2.1.2 Provinciaal beleid

In het Streekplan Zuid-Holland West is het plangebied aangeduid als stads- en dorpsgebied. Dit is een aaneengesloten bebouwd gebied met als hoofdfunctie wonen, waarin ook gebiedsdelen voorkomen met (soms grootschalige) kantoorconcentraties, winkelvoorzieningen, horeca en andere stedelijke voorzieningen.
Door de Provincie Zuid-Holland is de “Nota Regels voor Ruimte” vastgesteld. Deze nota vervangt de Nota Planbeoordeling 2002 en vormt naast de streekplannen het beoordelingskader voor gemeentelijk ruimtelijke plannen.
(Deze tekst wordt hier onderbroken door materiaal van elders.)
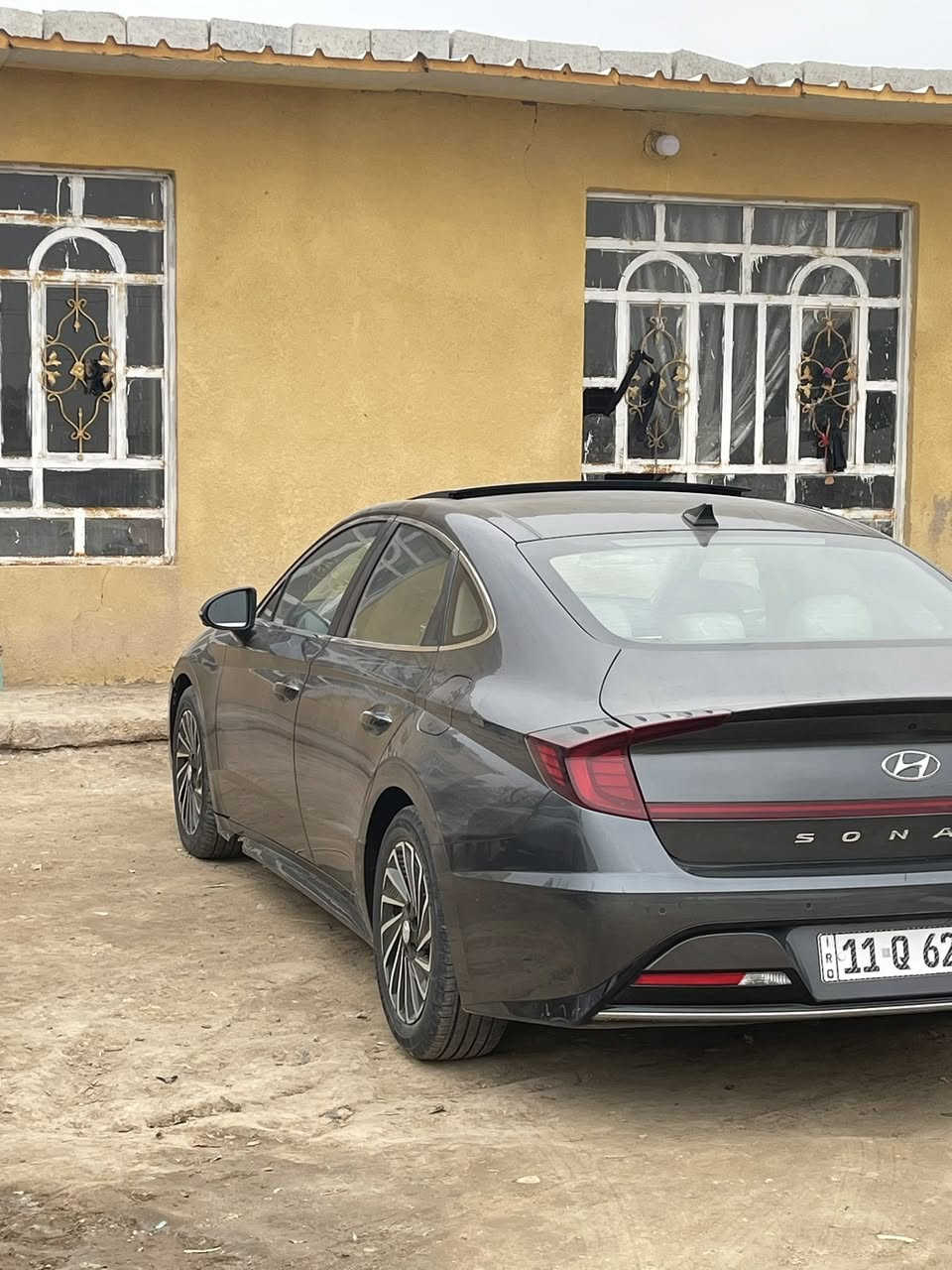 سلام عليكم للبيع سوناتا موديل 23 هايبرد فول 1/1 
1. 5 كامرات
2. شاشه ديجتل
3. تقديم وترجيع
4. اوتو بارك
5. بنوراما
6. كشنات حار بارد 
7. كشن سايق وسكن كهرباء
8. لايت 4 عدسات
9. 4 بصمات + جنطه ذكيه 
10. بردات بلادي 
11. شاحن لاسلكي 
12. 4 وضعيات قياده
13. داخل ابيض ملكي 
14. اناره محيطيه
15. اوتو هولد
وبعد هواي بيها مواصفات متخلص مكفوله لا صبغ ولا تبديل ولا بارد حته دعاميات مكفوله جاملغ مفتوح الايسر صور الحادث بلمنشور ماشيه 44 السعر 195 وبيها مجال مكاني بغداد سريع الدوره يوسفيه الجديد ***********
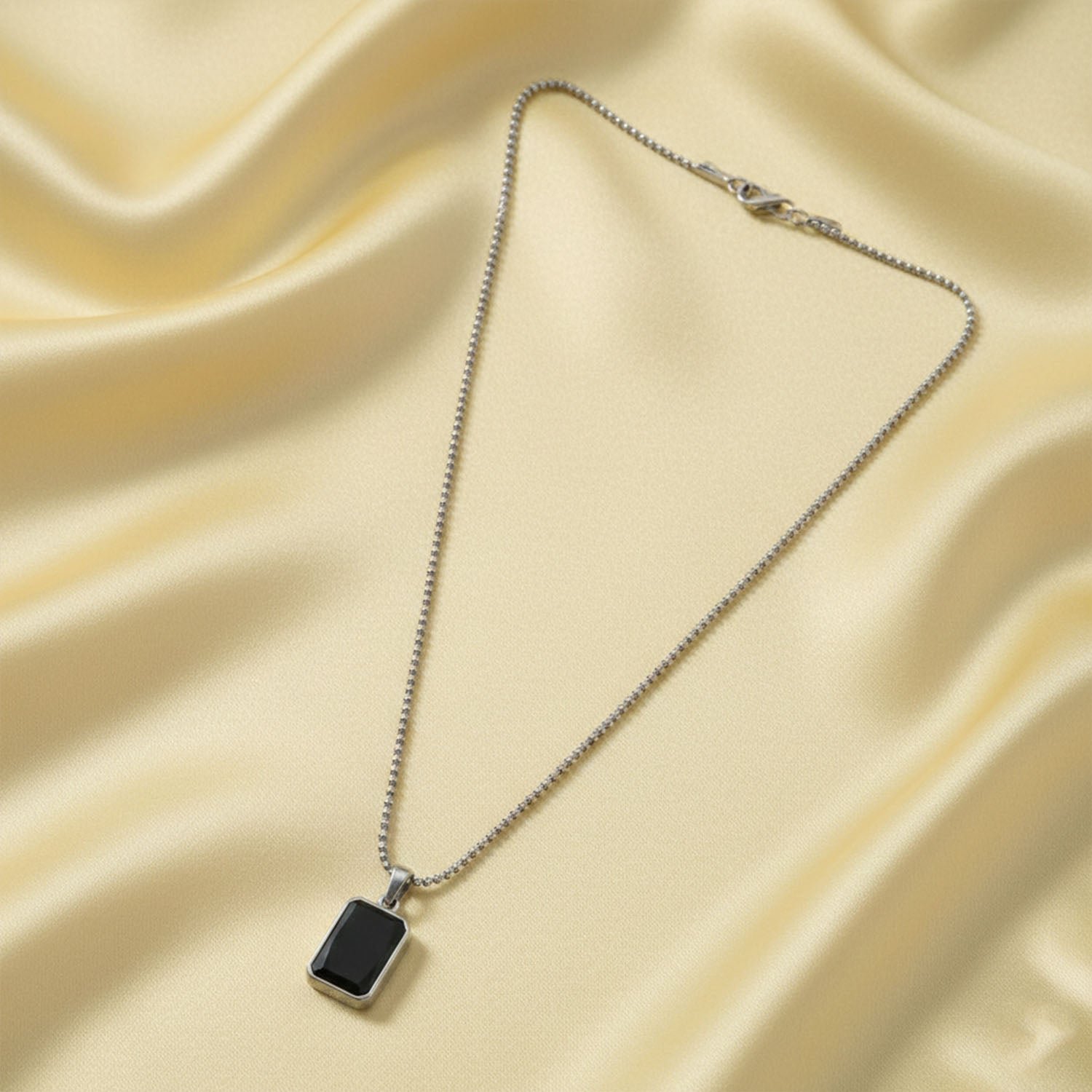 fancynacklace 02.jpg fancynacklace 02.jpg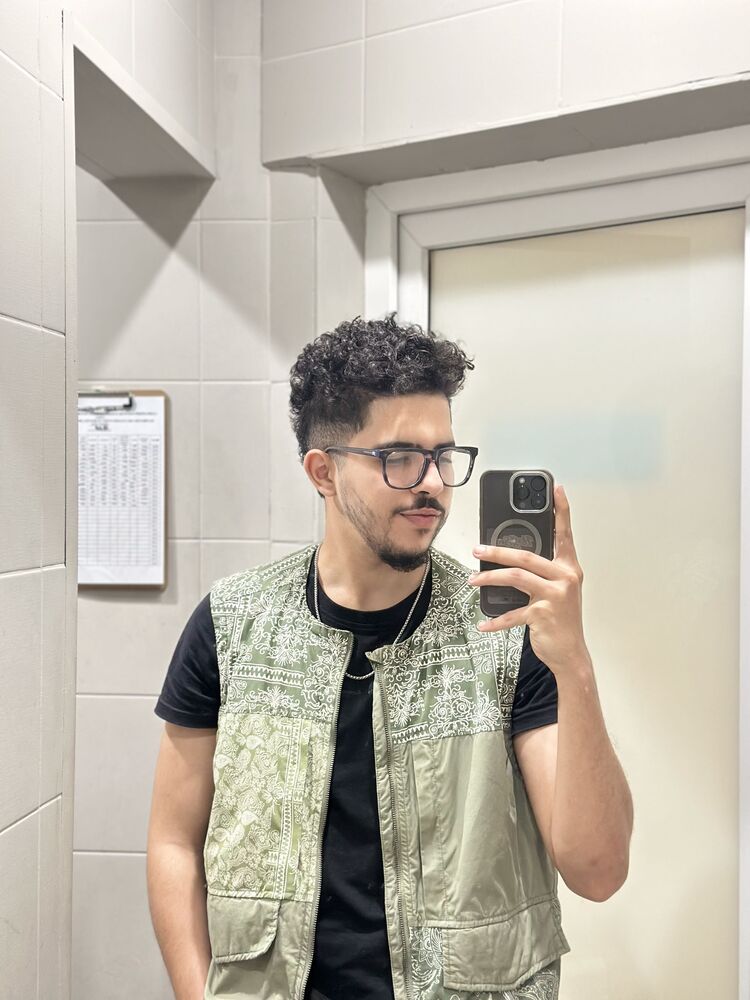  52998755  Abdou, 22 ,    Palais-Bourbon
Voor wat betreft het beleidskader voor wonen vormt, naast het locatiebeleid in de streekplannen, de provinciale woonvisie het beleidskader.
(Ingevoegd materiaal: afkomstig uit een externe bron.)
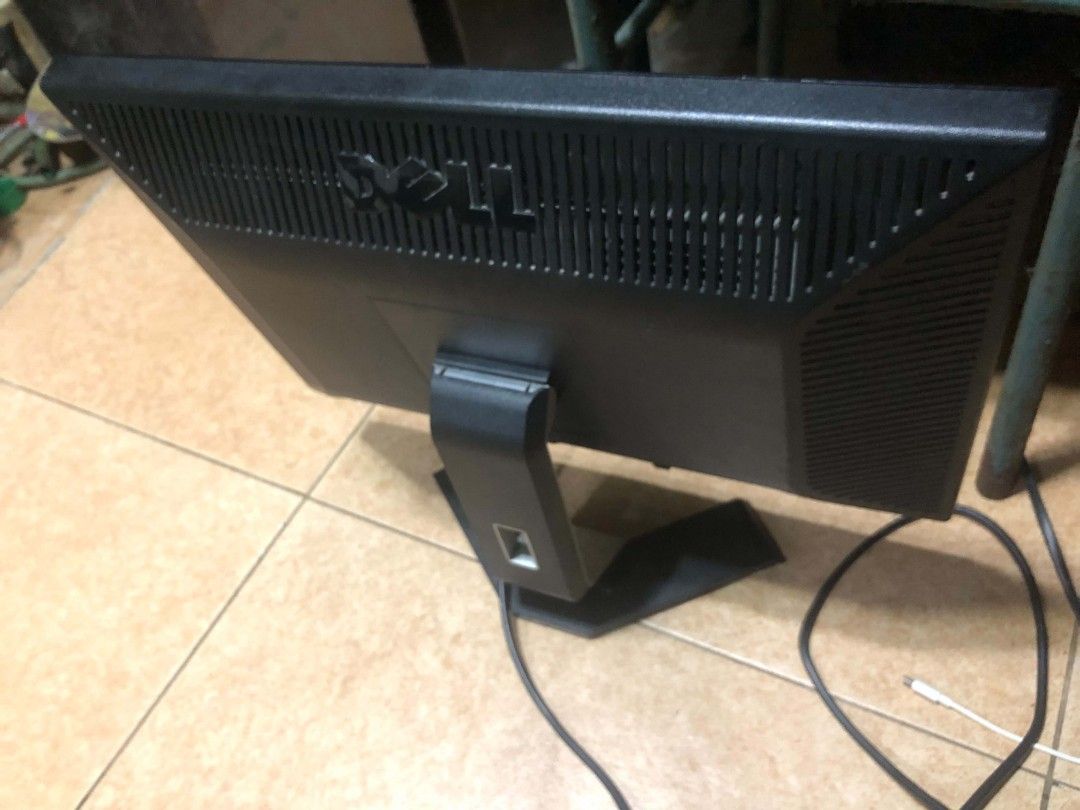 Dell E228WFP (Category: Monitor Screens) located in Manila. Submitted by ron_technthrift.2 (Listing ID 1467372387, Image 2). Description: Dell E228WFP 22-inch widescreen monitor Inclusion:power cord No issue 1.5k Tondo manila loc.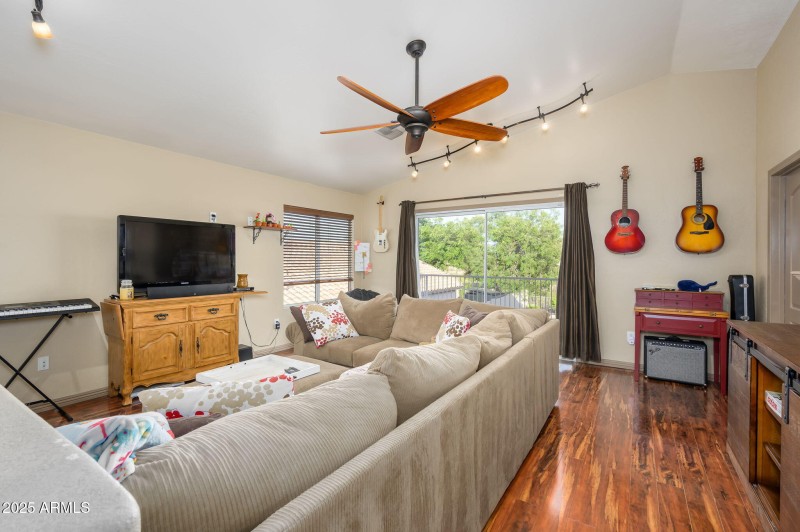 34-web-or-mls-Pontiac-4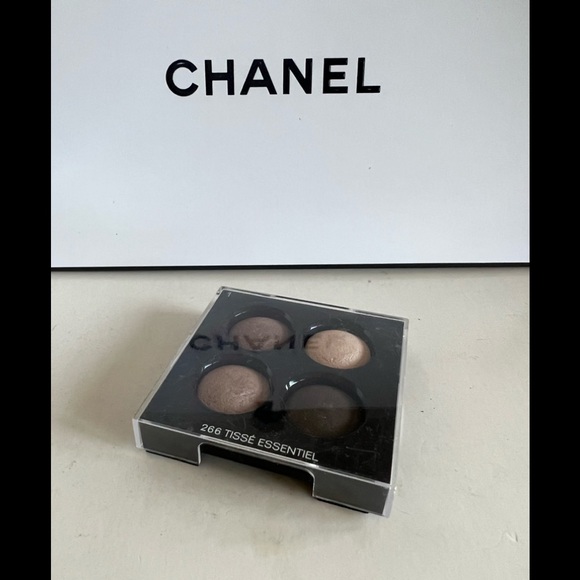Other - Chanel # 266 tisse essentials quad les 4 ombres made in France new⭐️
Provinciale Structuurvisie 'Visie op Zuid-Holland' (2009)
Een concurrerend, aantrekkelijk internationaal profiel, een duurzame en klimaatbestendige
 deltaprovincie, divers en samenhangend stedelijk netwerk, stad en land verbonden en een vitaal, divers en aantrekkelijk landschap, dat zijn de vijf integrale ruimtelijke hoofdopgaven die de basis vormen voor de structuurvisie 'Visie op Zuid-Holland'. Deze zijn door Gedepu­teerde Staten vastgesteld in de nota 'Provinciaal Belang'. De structuurvisie 'Visie op Zuid-Holland' zal het interim-beleid op basis van de huidige vier streekplannen in Zuid-Holland vervangen. De vaststelling van de nota is een eerste stap op weg naar de provinciale struc­tuurvisie en naar de provinciale Verordening Ruimte. Hiermee wordt aansluiting gezocht bij de instrumenten uit de (nieuwe) Wro.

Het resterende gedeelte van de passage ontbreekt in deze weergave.